Autre suggestion : instaurer des « périodes de réserve » sur les réseaux avant les scrutins, à l’instar des médias classiques, pour limiter la diffusion d’informations manipulatoires ou non vérifiées en période électorale.

Alliances nationales et internationales

Le président a évoqué l’idée de constituer une « coalition numérique » avec d’autres États pour renforcer la régulation collective des plateformes et converger sur des règles technologiques, notamment en matière de vérification d’âge.

Au plan national, ce chantier s’inscrit dans la continuité des États généraux de l’information, lancés pour réinterroger le rôle des médias, de la régulation et des plateformes face aux défis de l’ère numérique.

Régulation, législation et responsabilité

Le débat a aussi porté sur le volet législatif obligations de transparence, lutte contre les contenus haineux, contrôle des modèles publicitaires , tout en soulignant que les lois seules ne suffisent pas sans appropriation par la société civile, les éducateurs et les usagers eux-mêmes.

Le président a insisté sur le fait qu’il ne fallait pas se borner à des textes, mais engager un travail culturel et institutionnel pour réaffirmer la souveraineté démocratique sur le numérique.

Enjeux, risques et perspectives

Vers une souveraineté numérique

Le défi consiste à construire une souveraineté numérique au niveau national et européen, pour ne pas laisser le contrôle des flux d’information aux grandes plateformes mondiales. Dans ce cadre, l’Union européenne a déjà adopté des textes comme le Digital Services Act (DSA) qui impose transparence et obligations aux géants du numérique.

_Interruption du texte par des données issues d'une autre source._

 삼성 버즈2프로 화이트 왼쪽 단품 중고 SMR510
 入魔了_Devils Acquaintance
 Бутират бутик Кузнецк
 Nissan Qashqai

Responsabilité civile, citoyenne et éducative

L’appel à la « résistance » suppose que chaque citoyen et à plus forte raison, chaque élève soit davantage conscient de son rôle dans le partage d’informations. Cela renvoie à l’éducation aux médias, à la sensibilisation à l’esprit critique, et à l’apprentissage de comportements numériques responsables.

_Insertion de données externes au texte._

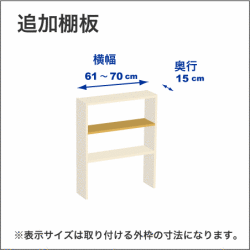 横幅61-70／奥行15cmの追加棚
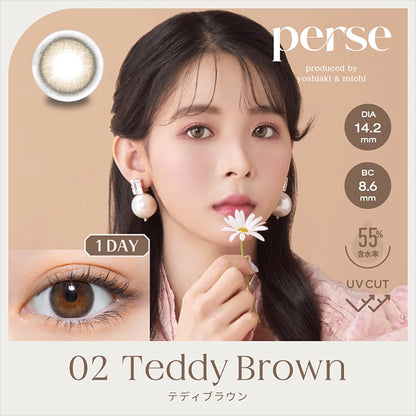 PERSE 1DAY TEDDY BROWN(1BOX 10SHEETS) MAIN IMAGE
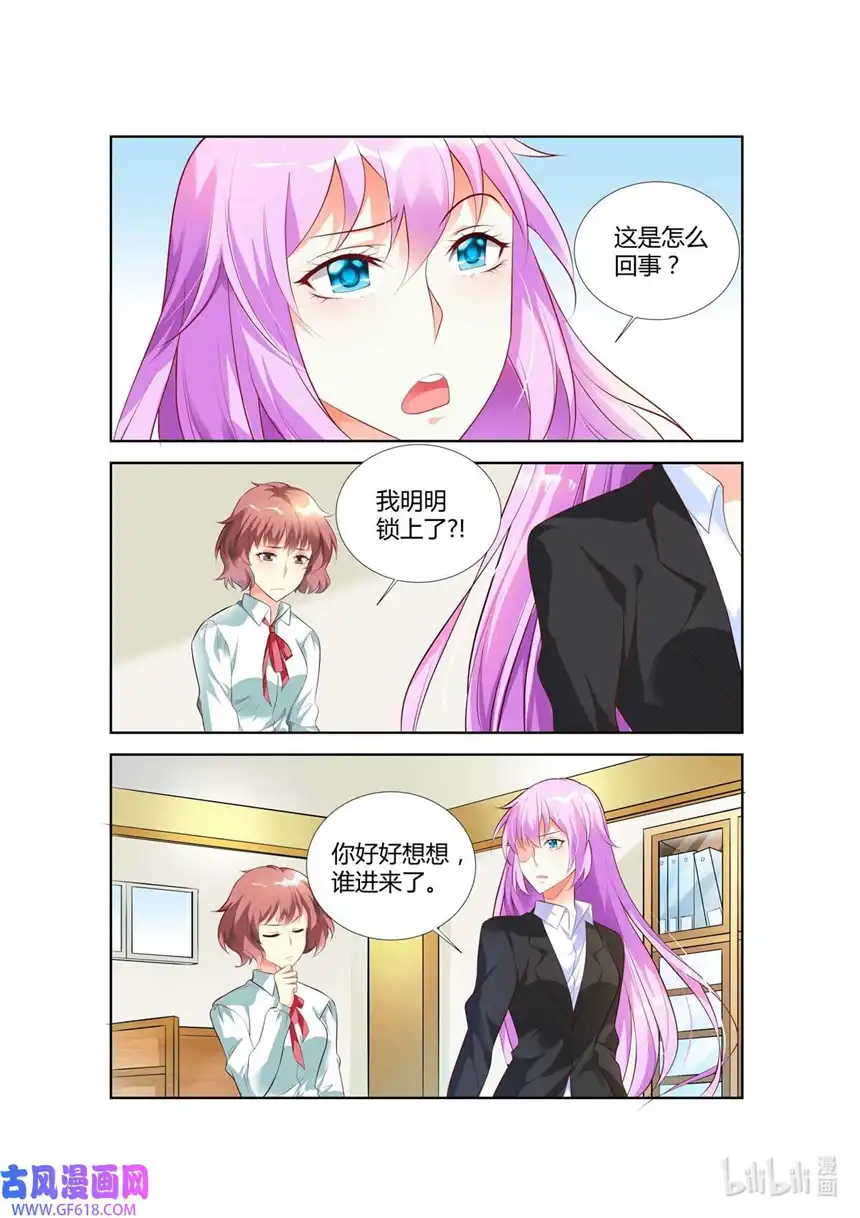 黑化女主从抛弃开始60 第60话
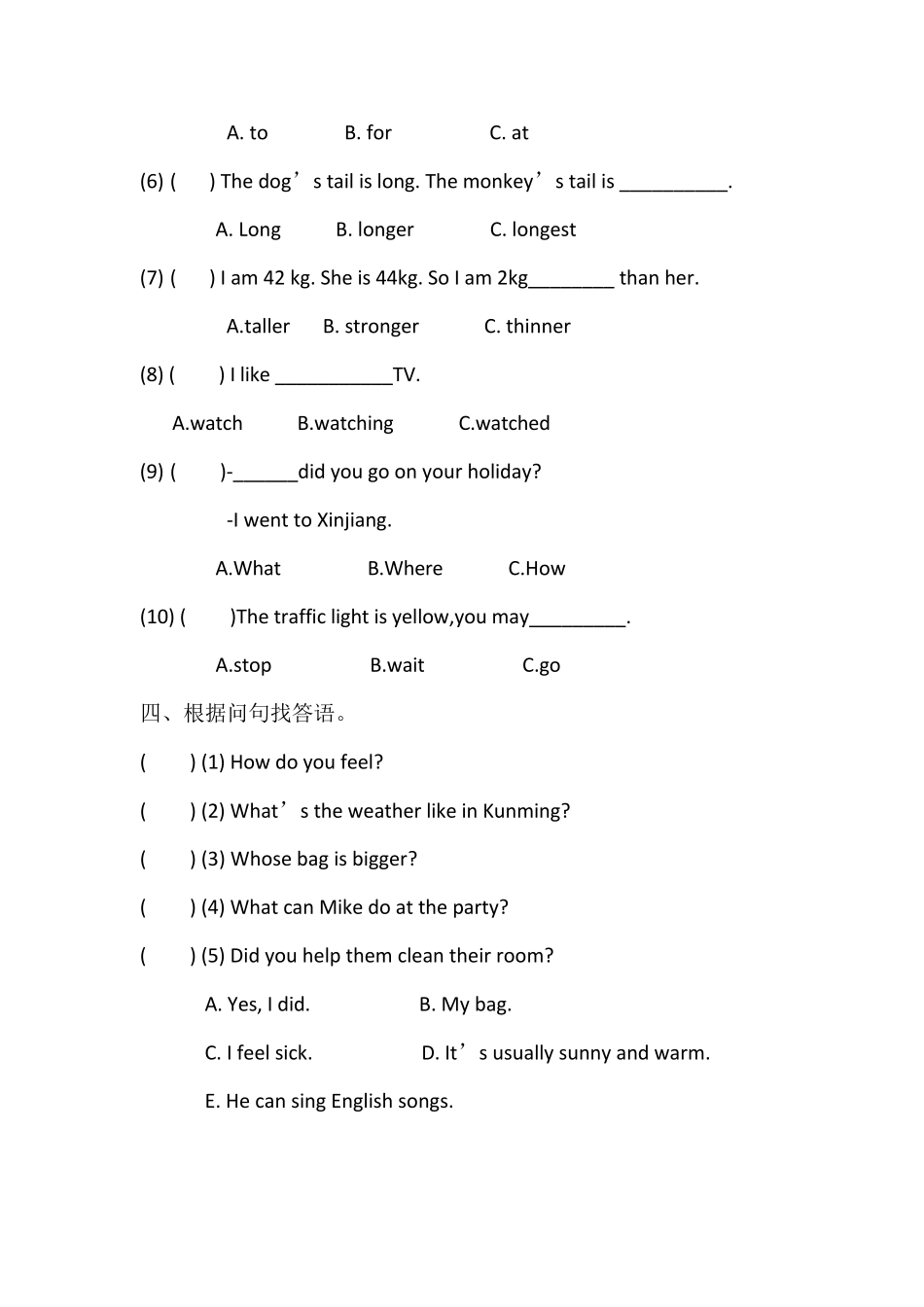 小学英语毕业考试模拟试卷_第2页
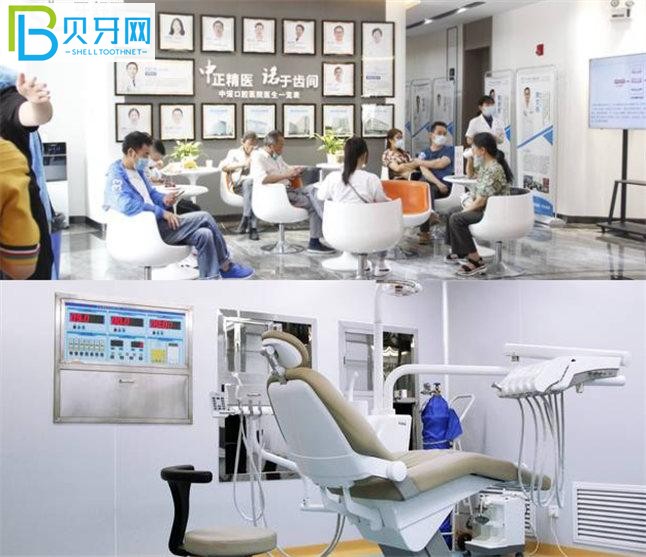 長(zhǎng)沙中諾口腔醫(yī)院是正規(guī)的嗎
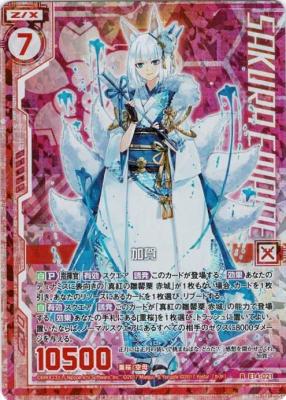 加賀(パラレルホロ) 【E14-021PH】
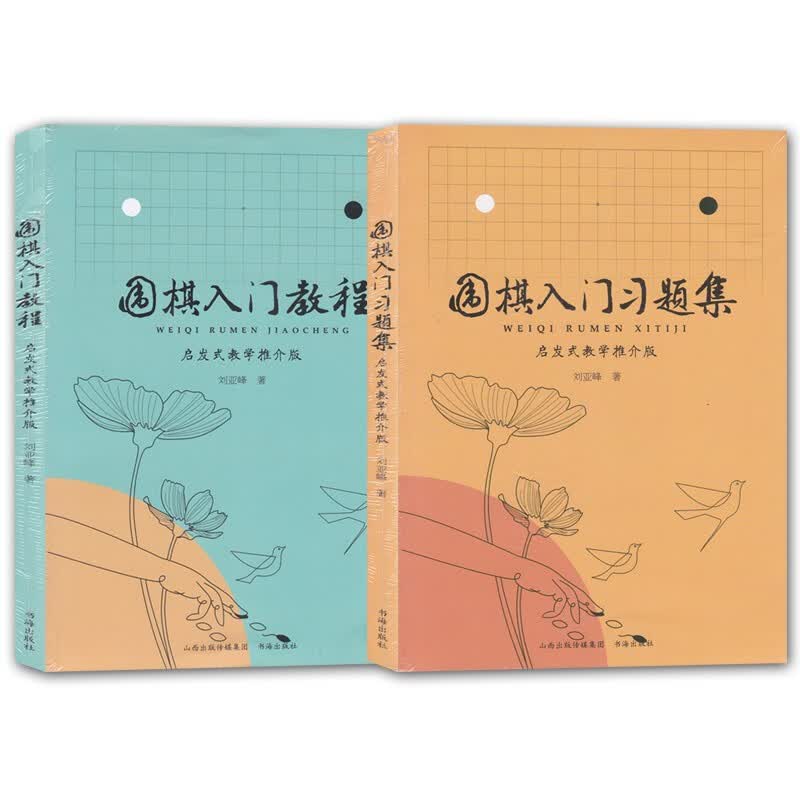 正版包邮 套装2册 围棋入门教程+围棋入门习题集 启发式教学推介版 刘亚峰 围棋少儿读物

Risques de surpolitisation ou de mesure restrictives

Ce type d’initiative peut susciter des oppositions, notamment autour des libertés d’expression, du risque d’arbitrage politique des plateformes, ou de mesures excessives de modération. Cela pose le défi de trouver l’équilibre entre régulation, protection et liberté.

Une invitation à l’engagement collectif

En formant ce réseau d’experts et d’acteurs, le président semble vouloir dépasser la posture présidentielle et partager la responsabilité de la transformation numérique. C’est aussi un pari sur la mobilisation de la société civile, des chercheurs, des ONG et des collectivités territoriales.

Avec son appel à une « résistance » collective contre les dangers des réseaux sociaux pour la démocratie, le président souhaite catalyser une dynamique de réarmement numérique, institutionnel et civique.

Il ne s’agit pas seulement d’adopter des lois, mais de refonder le rapport de nos institutions et de notre société au numérique.

Le succès de cette initiative dépendra autant de la pertinence des propositions qu’elle suscitera que de la capacité à les traduire dans l’action et de la mobilisation de tous les acteurs concernés.